Public intellectuals: La lutte continue?

John Hartley

This article outlines three versions of the intellectual: past, present and future. First, it describes an archetypal ‘Parisian’ myth; next, the dissolute present or ‘public intellectual’; finally, a future vision based on the new concept of ‘knowledge clubs’. The article traces how ‘the intellectual’ has changed over time, and considers the consequences of hanging on to the past, especially by adding the word ‘public’ to ‘intellectual’. While retaining the appearance of a character long dead, this phantasm may blind contemporary analysis as to the direction in which to look for ‘public thought’ in the future. The article argues that the concept needs to be rethought according the approach of ‘cultural science’, where knowledge-agency belongs to culture-made groups rather than individuals.

Understanding the emerging contemporary public intellectual: Online academic
persona and
The Conversation

P. David Marshall

At its core, the power of the public intellectual is the capacity to make ideas move through a culture. This article looks at what kind of academic persona – that is, what kind of public self whose original status comes from intellectual work and thinking – navigates effectively through online culture and communicates ideas in the contemporary moment. Part of the article reports on a research project that has studied academic personas online and explores what can be described as ‘registers of online performance’ that they inhabit through their online selves. The research reveals that public intellectuals have to interpret effectively that online culture privileges what is identified as ‘presentational media’: the individual as opposed to the media is the channel through which information moves and is exchanged online, and it is essentially a presentation of the self that has to be integrated into the ideas and messages. From this initial analysis/categorisation of academic persona online, the article investigates the online magazine The Conversation, which blends journalism with academic expertise in its production of news stories. The article concludes with some of the key elements that are part of the power of the public intellectual online.

Reshaping public intellectual life: Frank Moorhouse and his milieu

Catharine Lumby

This article uses Frank Moorhouse as a study of the formation of a public intellectual in the 1960s and 1970s. Moorhouse was a key figure in the Sydney Push, a loose Libertarian-anarchist network of artists, writers, intellectuals and party people who rejected the dominant moral values of the 1950s and 1960s. A journalist, Moorhouse later became a well-known fiction writer who was part of a similarly bohemian and activist milieu centred in Sydney’s Balmain. Taking Frank Moorhouse as a case study, I will argue that there is something particular about the way public intellectuals have historically been formed and given voice in Australian life, which is characterised by a permeability between art and writing practices and between academic and activist milieux.
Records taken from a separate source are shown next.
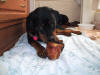 I don't think I would try to take the bone away from this dog.  Just click the picture to enlarge it.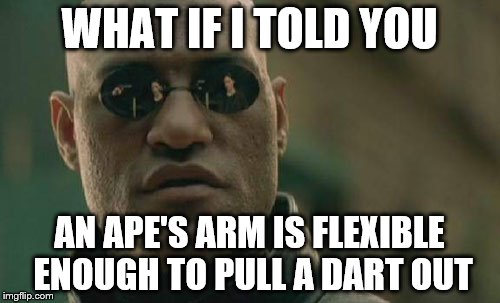 Matrix Morpheus | WHAT IF I TOLD YOU; AN APE'S ARM IS FLEXIBLE ENOUGH TO PULL A DART OUT | image tagged in memes,matrix morpheus | made w/ Imgflip meme maker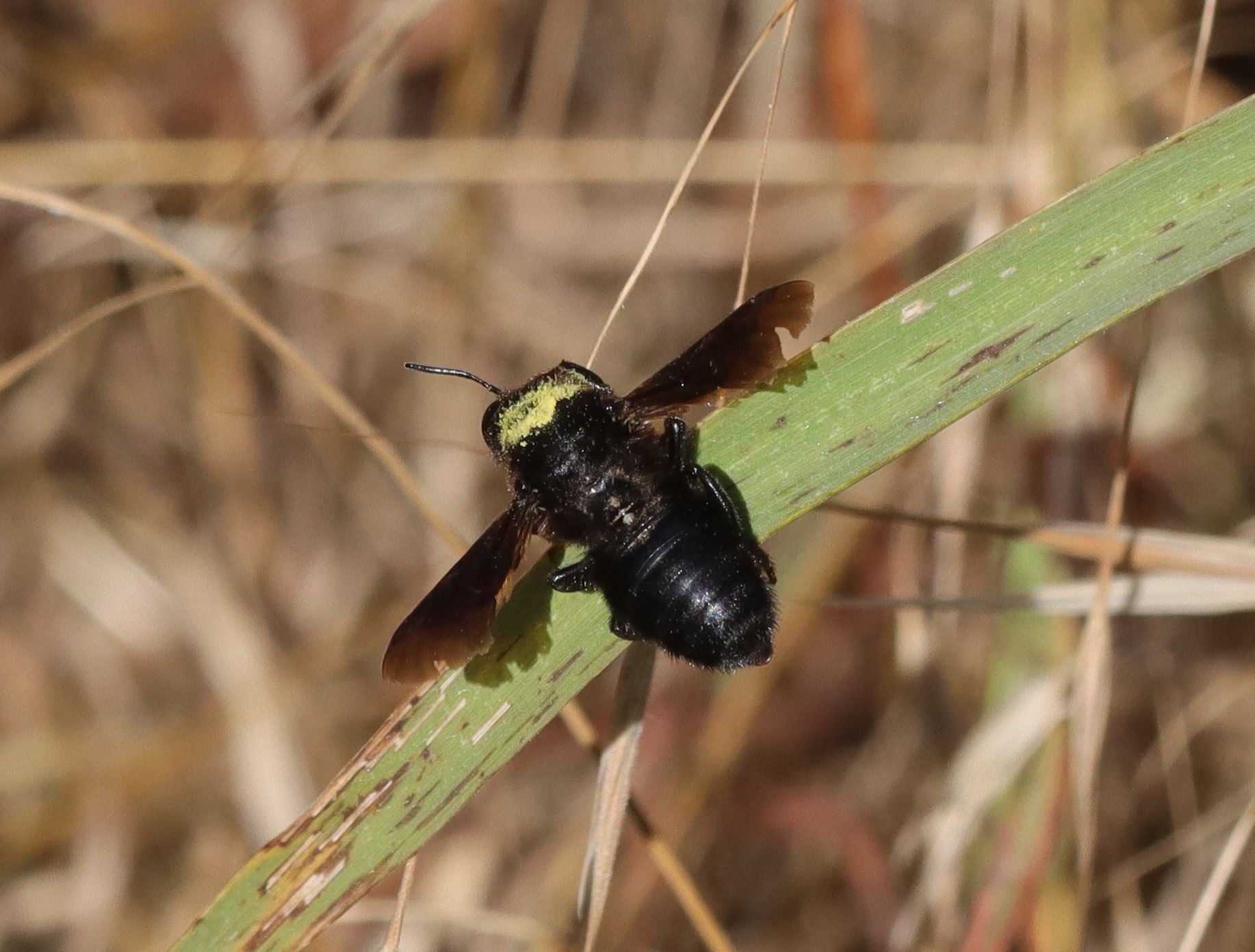 Xylocopa violacea cfr: no, Megachilidae -  Megachile (Chalicodoma) sp.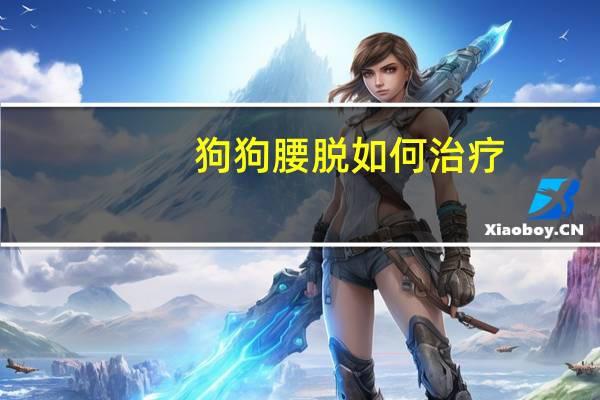 狗狗腰脱如何治疗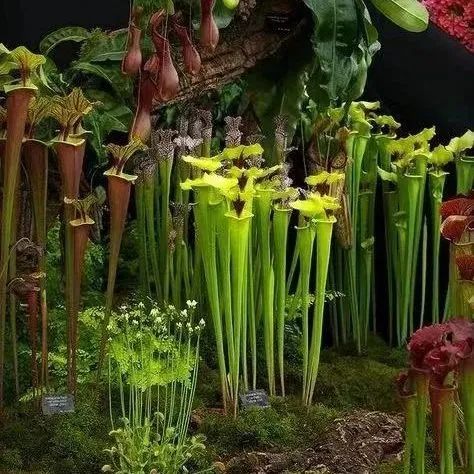 昆明阳宗海风景名胜区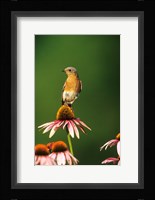 Eastern Bluebird On Purple Coneflowers, Marion, IL Fine Art Print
Will the real Waleed Aly please stand up? Media, celebrity and the making of an Australian public intellectual

Glenn D’Cruz and Niranjala Weerakkody

Waleed Aly is arguably the most visible and vocal Australian public intellectual from a non-Anglo-Australian background. The ubiquitous Aly is a veritable Renaissance man – he is a television presenter, radio host, academic and rock musician. He is also a former lawyer, and served on the executive committee of the Islamic Council of Victoria. In short, he is the ‘go-to’ Muslim for commentary on a wide range of political and civic affairs. This article argues that Aly’s media profile and celebrity status have as much to do with an Australian cultural imaginary that posits ‘whiteness’ as an uncontestable normative value as it does with Aly’s undoubted skills as a journalist, academic and cultural commentator. It examines Aly’s career with reference to Ghassan Hage’s concept of ‘whiteness’ as a form of aspirational cultural capital and various theories of persona and performativity. For Hage, ‘whiteness’ is not a literal skin colour; rather, it consists of elements that can be adopted by individuals and groups (such as nationally valued looks, accents, tastes, cultural preferences and modes of behaviour). While entry to what Hage calls Australia’s ‘national aristocracy’ is generally predicated on possessing the correct skin tone, it is theoretically possible for dark-skinned people such as Waleed Aly to enter the field of national belonging and partake in public discourse about a range of topical issues. More specifically, the article substantiates its claims about Aly’s status as a member of Australia’s cultural aristocracy through a comparative discourse and performance analysis of his presentation of ‘self’ in four distinctive media contexts: Channel 10’s The Project, the ABC RN Drive program, ABC TV’s Q&A and the SBS comedy-talk show Salaam Café, which looked at the ‘funny side of life as an Australian Muslim’ and showcased other multi-talented Muslim professionals of both genders.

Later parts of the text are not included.